# Session 13 - Measuring environmental impact

In this session, we're going to look at one particular way that we can measure the impact of our code on the world around us. In particular, we're going to be looking at how we can approximate the *environmental impact* of our cultural data science footprint.
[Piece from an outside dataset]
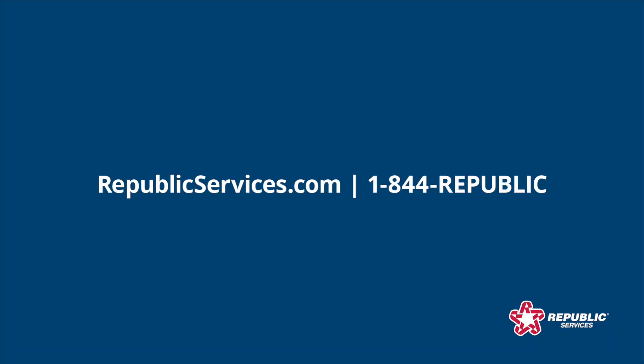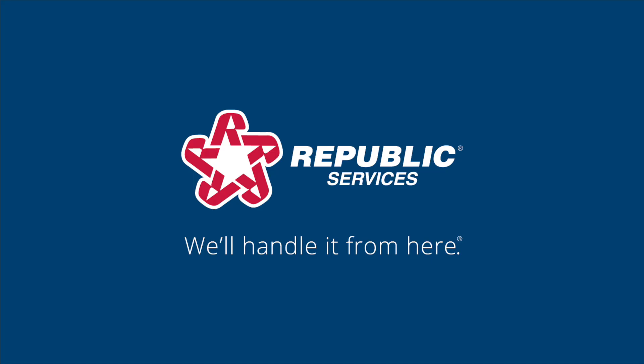Just give us a call or order online at republicservices.com. We'll handle it from here.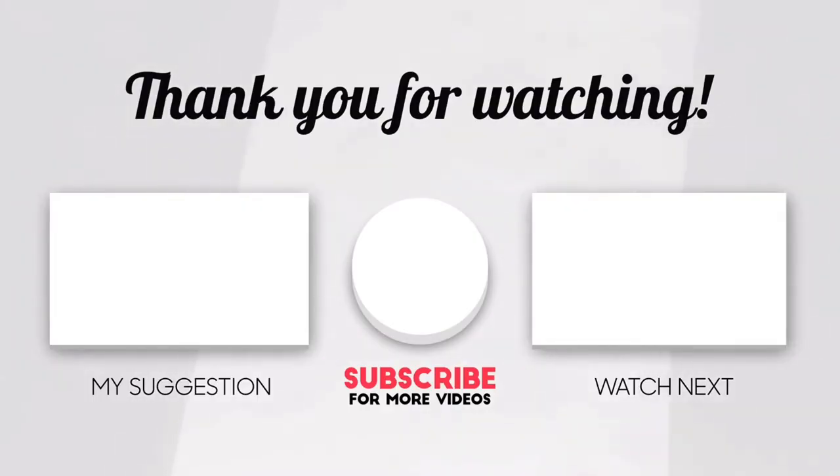If you liked this video, please like it. Should you have any questions, write them in the comments section below — we will make sure to attend to every question. If you want us to make a video about a particular topic, leave us a comment below and we will consider those in our future videos. Thank you again for watching.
To do this, we're going to use the open-source software package *CodeCarbon*. You can find more information at the following links:

- CodeCarbon Website: [https://codecarbon.io/](https://codecarbon.io/)
- GitHub Repo: [https://mlco2.github.io/codecarbon/](https://mlco2.github.io/codecarbon/)
- Documentation: [https://mlco2.github.io/codecarbon/](https://mlco2.github.io/codecarbon/)

We will do comparison of methods for Sentiment analysis, namely logistic regression, a simple neural network and a HuggingFace transformer.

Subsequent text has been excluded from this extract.